Die Brandenburger SPD hat offensichtlich keine Einwände mehr gegen einen zukünftigen Justizminister Volkmar Schöneburg von der Linkspartei. Das ist das Ergebnis eines mehrstündigen Gesprächs, das Finanzminister Rainer Speer (SPD) am Samstag mit Schöneburg führte. Thema seien die kritisierten strafrechtswissenschaftlichen Publikationen des Juristen gewesen, sagte Speer.

Zunächst kursierte eine Meldung, wonach die SPD die Linke aufgefordert haben soll, Schöneburg zurückzuziehen. Die Vorsitzende der Linksfraktion, Kerstin Kaiser, dementierte das. Bei Schöneburg handele es sich um einen kompetenten Juristen, der vor seiner Wahl zum Verfassungsrichter durch den Landtag 2006 umfänglich geprüft worden sei, so Kaiser.

Dem 51-Jährigen wird vorgeworfen, in einem Aufsatz für eine Fachzeitschrift 2002 die DDR nicht als »Unrechtsstaat« eingestuft und die Todesschüsse an der Mauer verharmlost zu haben.

CDU-Generalsekretär Dieter Dombrowski sagte dem RBB-Fernsehnachrichtenmagazin »Brandenburg aktuell« am Samstagabend: »Schöneburg rechtfertigt das SED-Unrechtssystem. Von daher ist er als Justizminister in Brandenburg nicht geeignet – eine Zumutung und eine Schande für unser Land, wenn es so weit kommt.«

Unterstützung erhielt der Ministerkandidat vom Rechtshistoriker Uwe Wesel (Freie Universität Berlin), der mit Blick auf den genannten Beitrag von einem »sehr intelligenten Aufsatz« sprach. Tatsächlich seien die Mauerschützen-Prozesse »sehr problematisch« und der Begriff »Unrechtsstaat« untauglich für die DDR, sagte Wesel.

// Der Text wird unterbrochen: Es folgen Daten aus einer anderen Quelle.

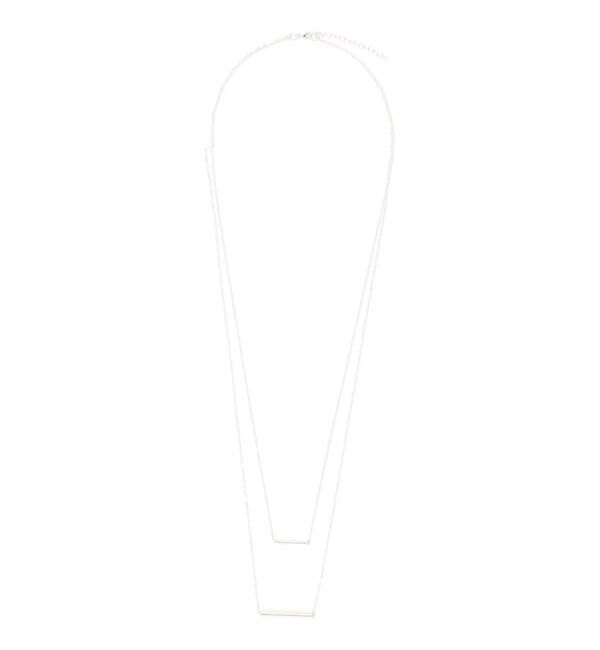 TOMORROWLAND GOODS「NINA&JULES Double Bar ネックレス」|ネックレス|81 シルバー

Die wieder aufgeflammte Debatte um die DDR-Bewertung als »Unrechtsstaat« nannte Brandenburgs Generalstaatsanwalt Erardo Rautenberg »klassisch deutsch« und »eigentlich blödsinnig«. Dieser Streit sei mangels exakter Begrifflichkeiten und Definitionen überflüssig.

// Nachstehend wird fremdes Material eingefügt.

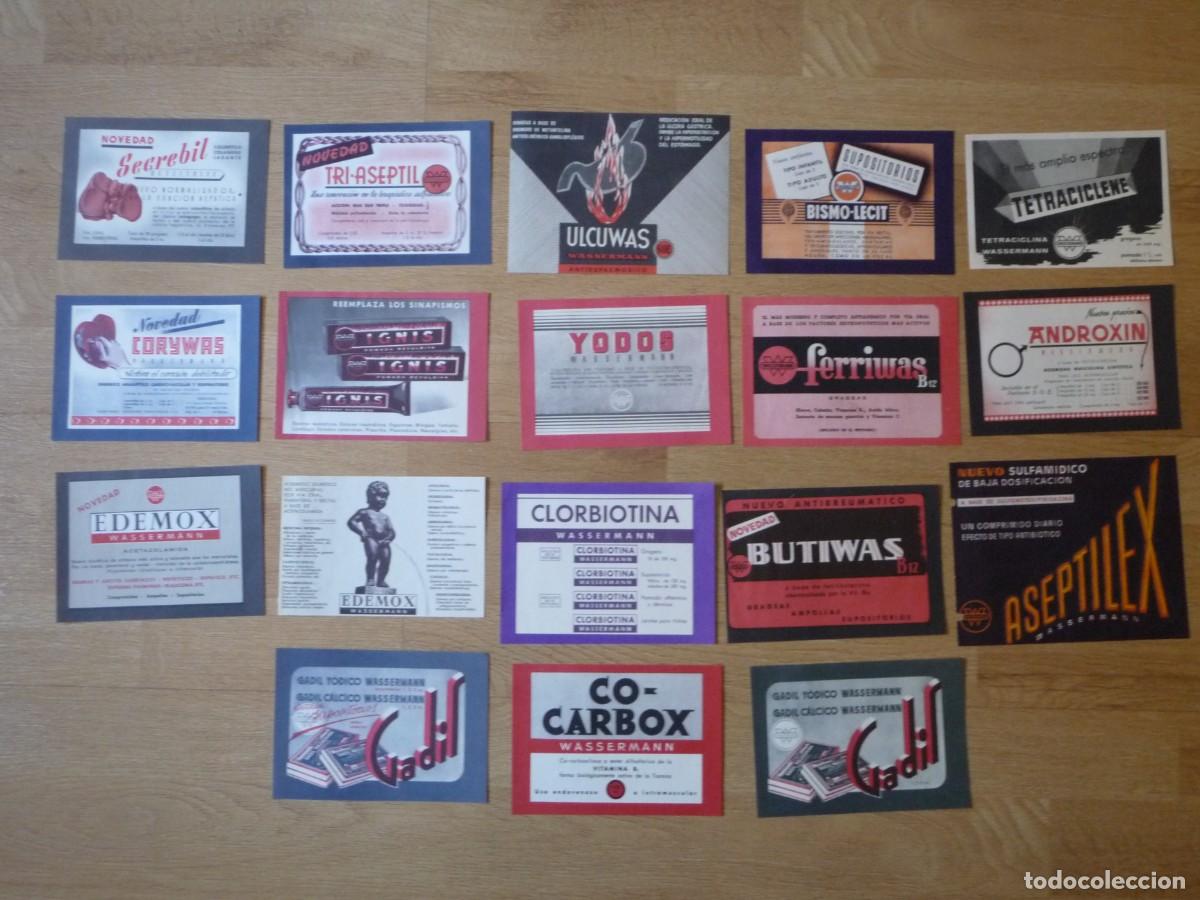 Collectionnisme Papier divers: LOTE 18 ANUNCIOS DE MEDICAMENTOS. PUBLICIDAD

»Die DDR war zweifellos kein Rechtsstaat«, wie das Grundgesetz ihn definiere, sagte Rautenberg dazu. Sie deswegen automatisch zu einem Unrechtsstaat zu machen, sei aber deswegen nicht korrekt, »weil es eine Definition des Unrechtsstaates nicht gibt«.

Es sei jedenfalls nicht angängig, alle Staaten, welche die Rechtsstaatskriterien nicht erfüllen, deswegen in Bausch und Bogen zu Unrechtsstaaten zu erklären, gab Rautenberg zu bedenken. »Das müsste dann sehr viele Staaten betreffen.« Er verwies darauf, dass schon Anfang der 90er Jahre die Theologen Friedrich Schorlemmer und Richard Schröder den auf die DDR gemünzten Begriff Unrechtsstaat abgelehnt hätten.

Auf die Frage, ob es denn jemals eine allgemeingültige Definition des Unrechtsstaates geben werde, sagte der Spitzenjurist: »Das glaube ich nicht.« Denn was außerhalb des unmittelbaren Rechtsstaatsideals auf der Welt existiere, sei »ein riesiges Spektrum«.

Der Begriff des Rechtsstaates suggeriere, dass dortzulande nur Recht geschehe, während der auf die DDR bezogene Begriff Unrechtsstaat nahe lege, dass in der DDR nichts als Unrecht gewaltet habe, sagte Rautenberg. »Wenn das so gewesen wäre, dann hätte man nach 1990 sämtliche DDR-Strafurteile kassieren müssen.« Dies sei aber mit gutem Grund nicht geschehen. Vielmehr habe sich das auf vermutete oder erwiesene unmittelbare Rechtsverstöße beschränkt.

In dieser Debatte um den Begriff des Unrechtsstaates »sind wir seit der Wiedervereinigung keinen Schritt weiter gekommen, weil jeder darunter etwas anderes versteht«, schätzte der Generalstaatsanwalt ein. In »mehreren Intervallen« koche der Streit hoch, um dann regelmäßig »im totalen Chaos und Missverständnis zu enden«.